**RECORDS**.
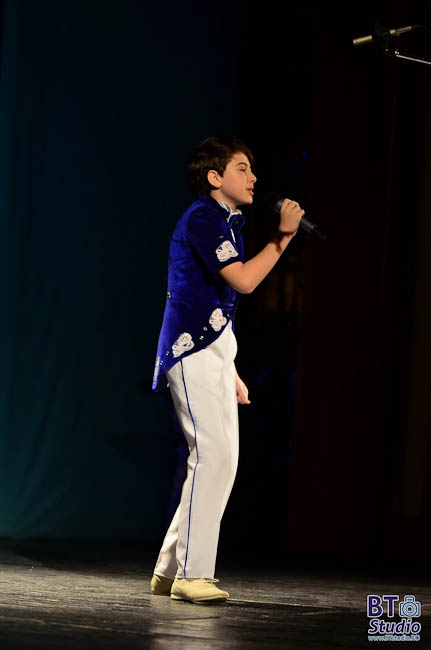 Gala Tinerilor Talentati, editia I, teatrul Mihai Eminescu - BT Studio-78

...

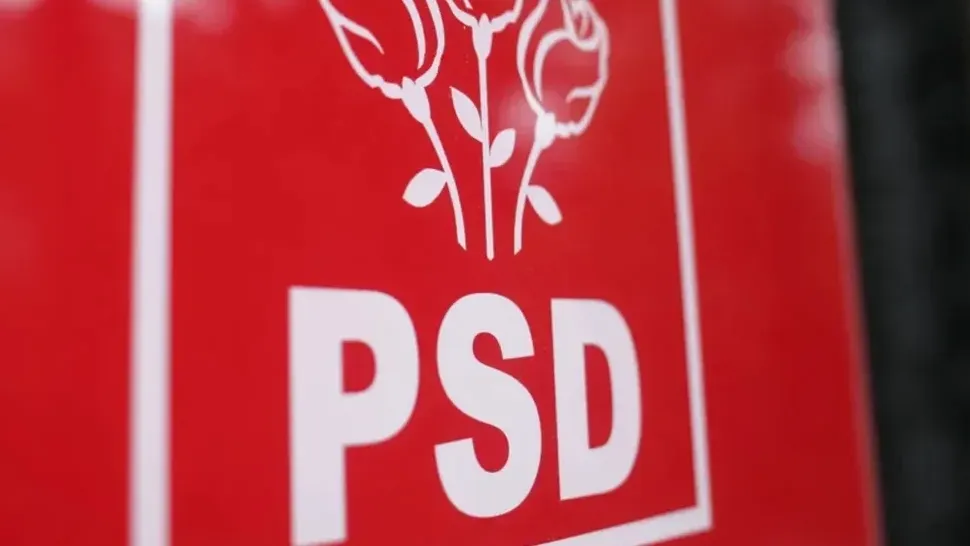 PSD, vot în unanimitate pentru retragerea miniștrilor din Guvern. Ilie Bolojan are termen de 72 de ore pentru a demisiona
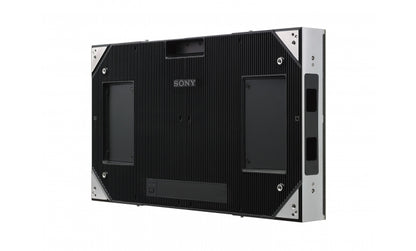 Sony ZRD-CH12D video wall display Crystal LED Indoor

**WORK REQUEST**. The output is the stretch above from the line with "PSD, vot în" through the line with "Sony ZRD-CH12D video", copied word for word with both ends kept and every picture dropped.

**SOLUTION TO THE EXERCISE**.
 PSD, vot în unanimitate pentru retragerea miniștrilor din Guvern. Ilie Bolojan are termen de 72 de ore pentru a demisiona
 Sony ZRD-CH12D video wall display Crystal LED Indoor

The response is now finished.